# What to work on:
Copy the listing in full and exactly, omitting its images.
*** Opening of Excerpted records ***
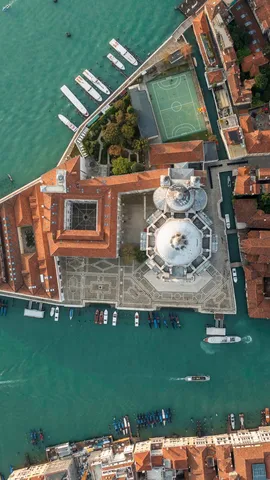 上空から見た聖堂と運河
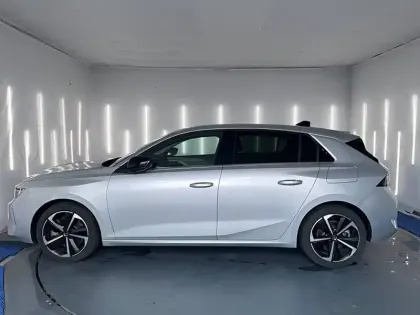 Photo 31 Opel Astra  Hybrid 180 ch BVA8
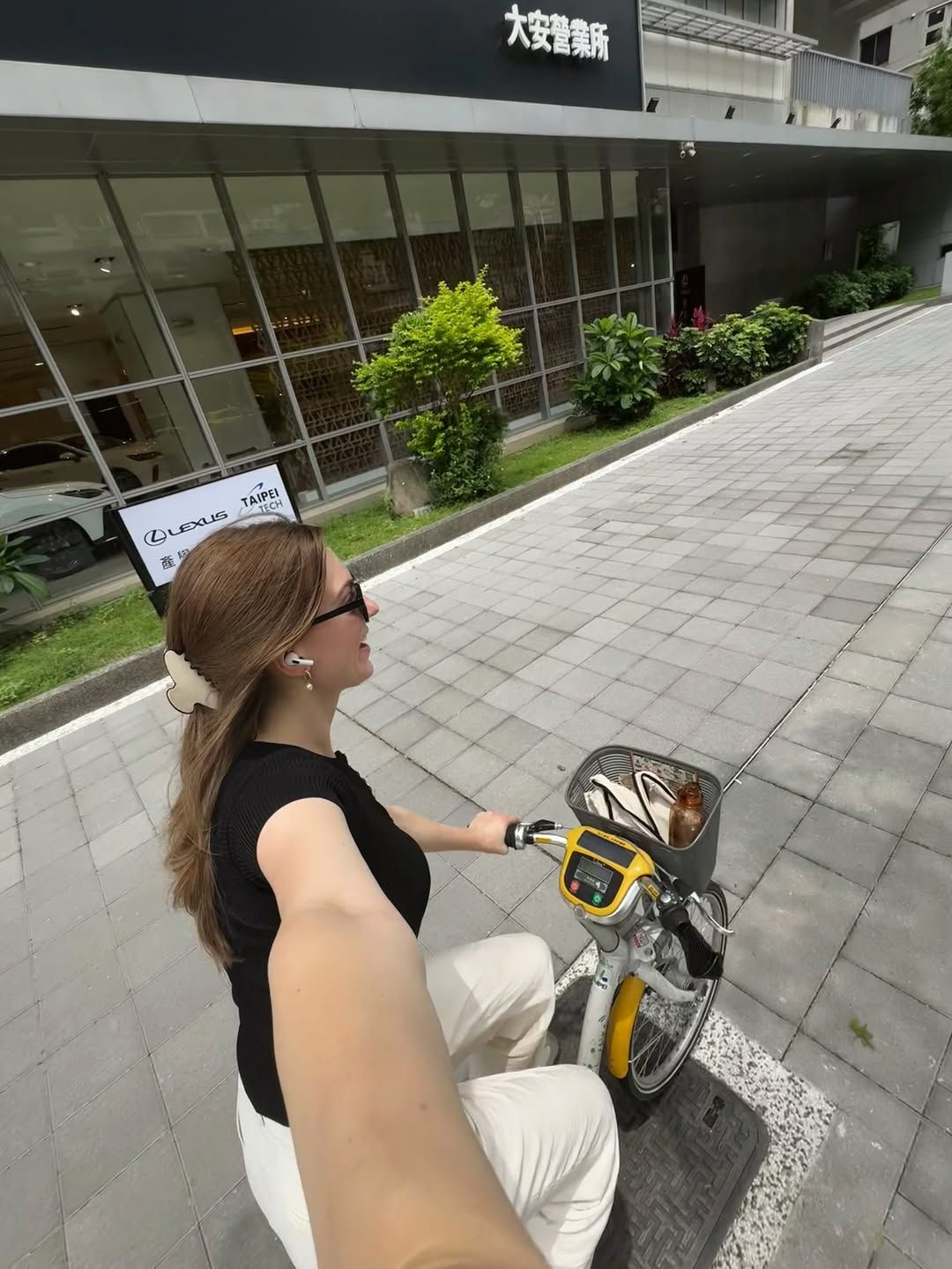 ▲▼莫彩曦「準備動大手術」結束台灣行 許願:下次再回來。(圖/翻攝自Instagram/hailey_jane)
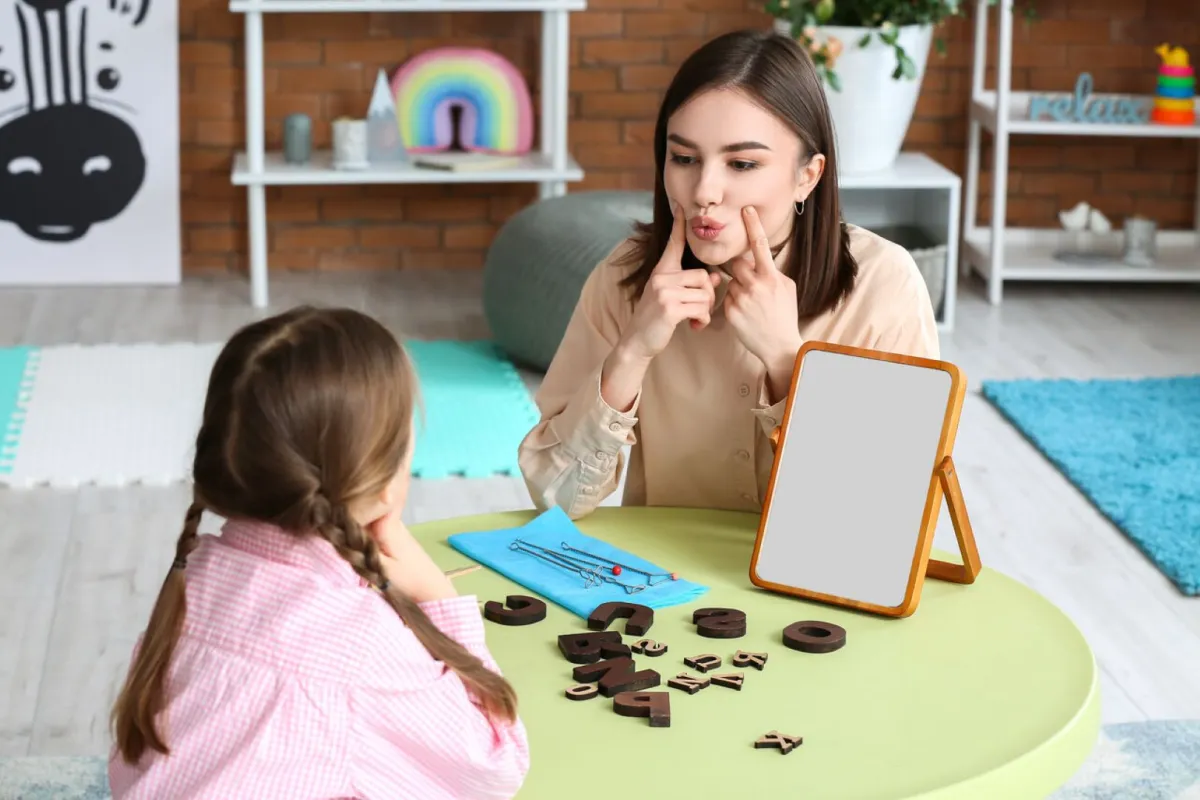 صورة لطفلة وأمها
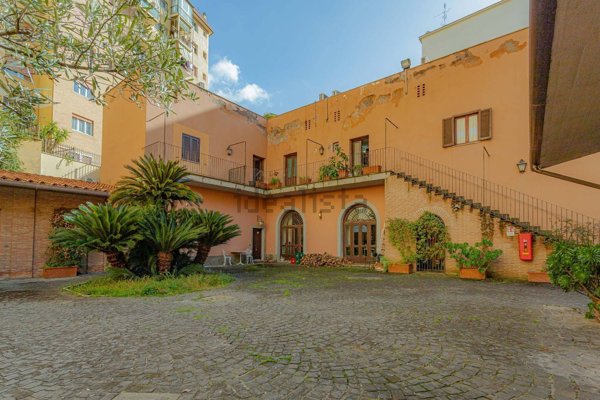 appartamento in affitto a Roma in zona Testaccio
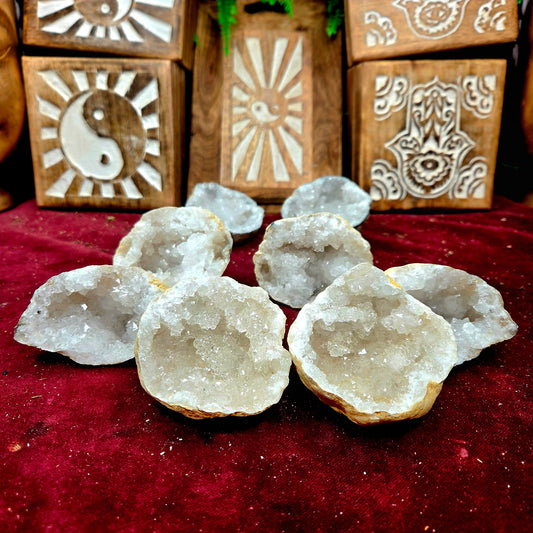 Geodas de Cuarzo Blanco Medianas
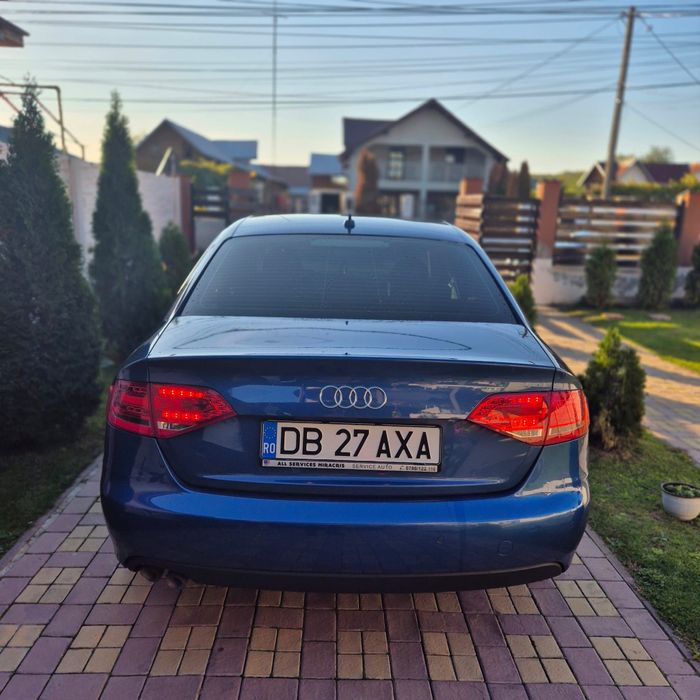 Vând Audi A4 B8 2010 2.0 TDI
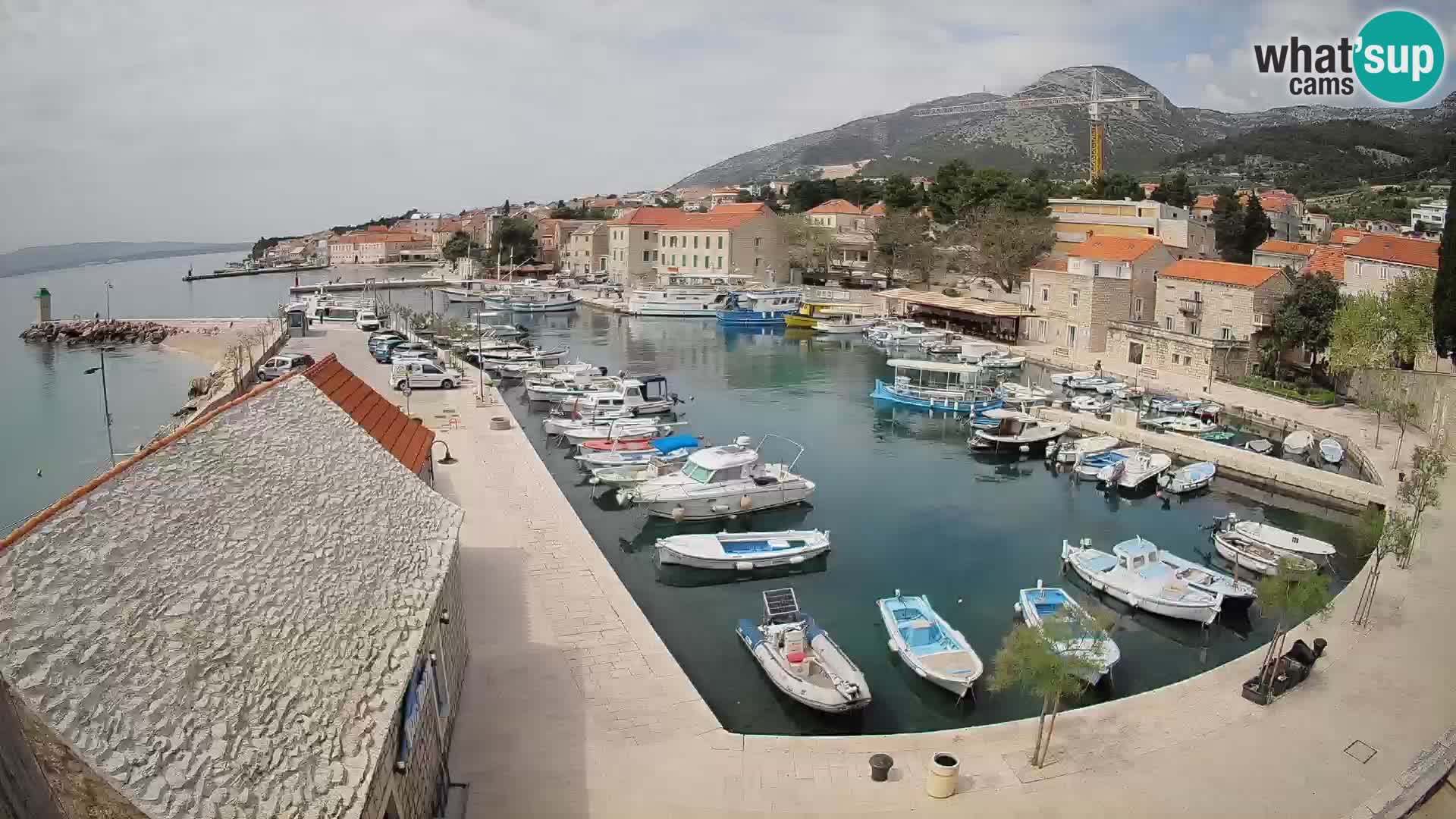 Webcam Bol Harbour – Live View of Bol Riva & Marina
*** Close of Excerpted records ***
# Result of the exercise:
 上空から見た聖堂と運河
 Photo 31 Opel Astra  Hybrid 180 ch BVA8
 ▲▼莫彩曦「準備動大手術」結束台灣行 許願:下次再回來。(圖/翻攝自Instagram/hailey_jane)
 صورة لطفلة وأمها
 appartamento in affitto a Roma in zona Testaccio
 Geodas de Cuarzo Blanco Medianas
 Vând Audi A4 B8 2010 2.0 TDI
 Webcam Bol Harbour – Live View of Bol Riva & Marina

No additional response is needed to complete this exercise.